Merlin is a MOS Technology 6502 macro assembler developed by mathematics professor Glen Bredon for the Apple II under DOS 3.3. It was published commercially by Southwestern Data Systems, later known as Roger Wagner Publishing. Merlin continued to be updated as successors to the 6502 became available: first the 65C02 and later the 65816 and 65802. A ProDOS version was made available as Merlin Pro (this package also included the DOS 3.3 version). The 8-bit version of Merlin was later renamed Merlin 8, and a 16-bit version, dubbed Merlin 16, was released for the Apple IIGS. Versions for the Commodore 64 and Commodore 128 were released as Merlin 64 and Merlin 128 respectively.

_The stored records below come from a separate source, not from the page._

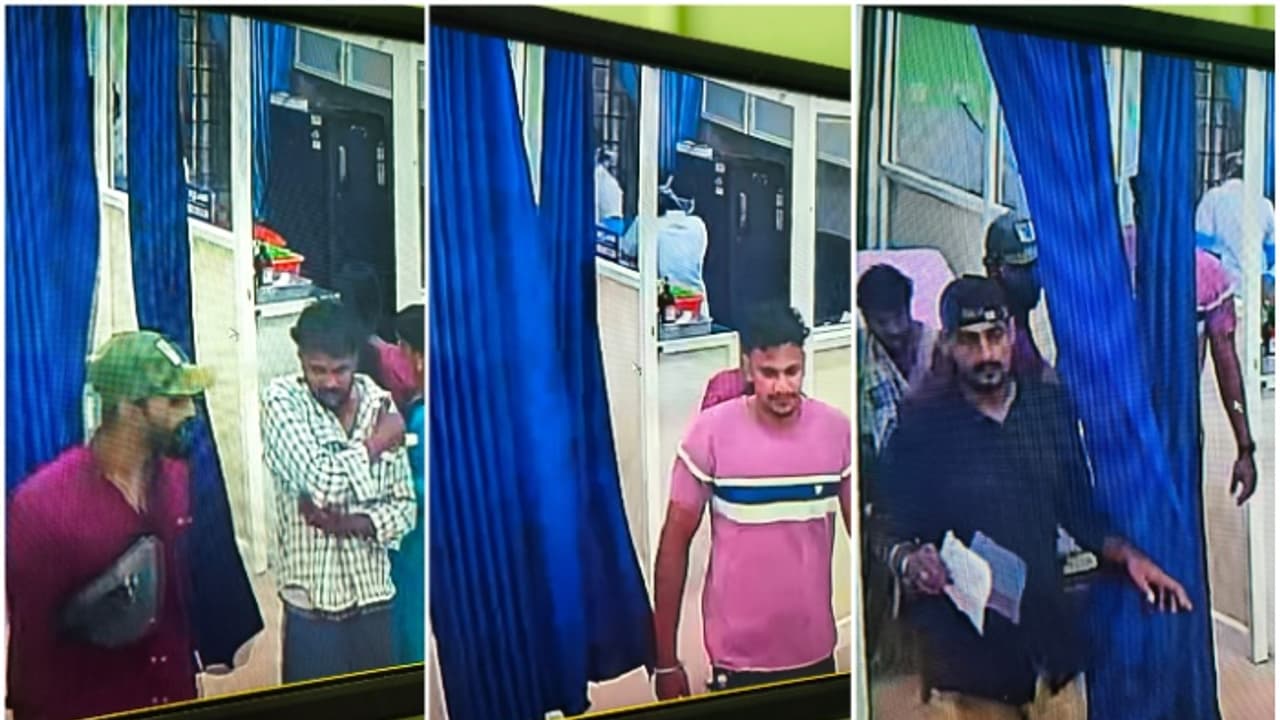 മുറിവേറ്റ് ആശുപത്രിയിലെത്തിയ യുവാക്കൾ കാഷ്വാലിറ്റിക്ക് മുന്നിലിരുന്ന ആംബുലൻസ് ഡ്രൈവറെ കുത്തി; 4 പേർ പിടിയിൽ മുറിവേറ്റ് ആശുപത്രിയിലെത്തിയ യുവാക്കൾ കാഷ്വാലിറ്റിക്ക് മുന്നിലിരുന്ന ആംബുലൻസ് ഡ്രൈവറെ കുത്തി; 4 പേർ പിടിയിൽ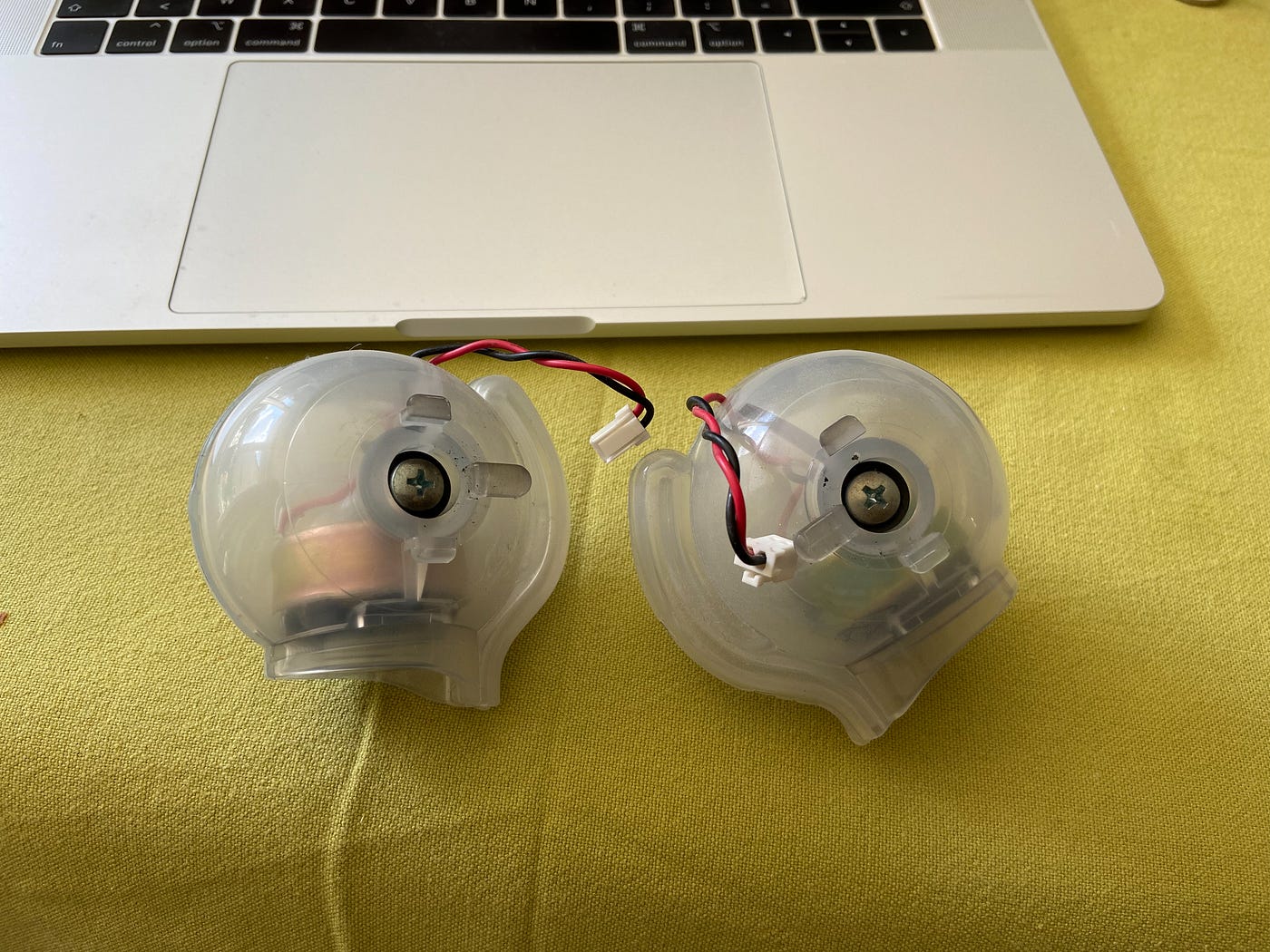 Replace iMac G3 speakers suffering from foam rot | by Bram Beirens | Medium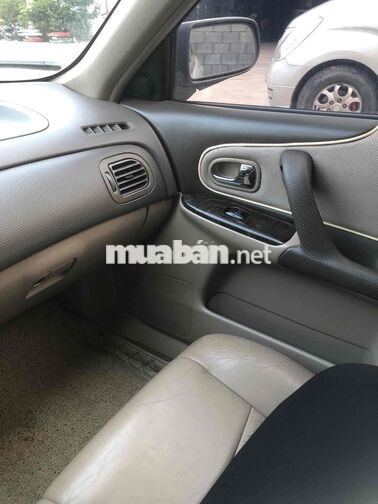 Ford Laser 2004 1.8 Số tự động Bạc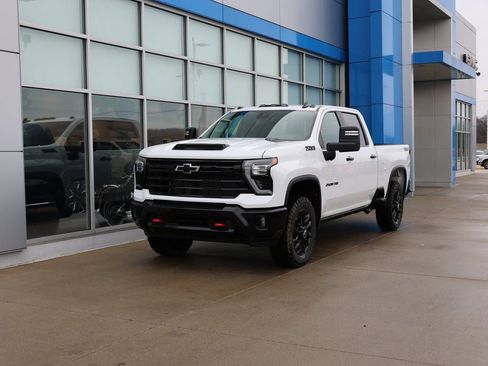 New 2026 Chevrolet Silverado 2500 LT w/ Trail Boss Package image 7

According to early Merlin documentation, "Merlin is a 'TED-based' editor-assembler. This means that while it is essentially new from the ground up, it adheres to and follows almost all of the conventions associated with TED ][+, in terms of command mnemonics, pseudo-op's, etc. ... The original TED ASM was written by Randy Wiggington and Gary Shannon."

Merlin includes an integrated source code editor (initially a line editor; later versions include a full-screen editor) and also a disassembler, called Sourceror. A related utility, Sourceror.FP, can generate a commented disassembly of the Apple II's Applesoft BASIC, the source code for which had never been released by Apple, from the customer's own ROM.

==Reception==
Ahoy! called Merlin 64 "an excellent little assembler with many value added features. For ease of use, I couldn't imagine how it could be better ... an outstanding value".

==Legacy==
On August 24, 2000, what would have been the author's 68th birthday, his widow released all of his Apple II software and source code (e.g. DOS.MASTER) as public domain software.

In January, 2015 a Windows edition of Merlin titled "Merlin 32" was released by Brutal Deluxe.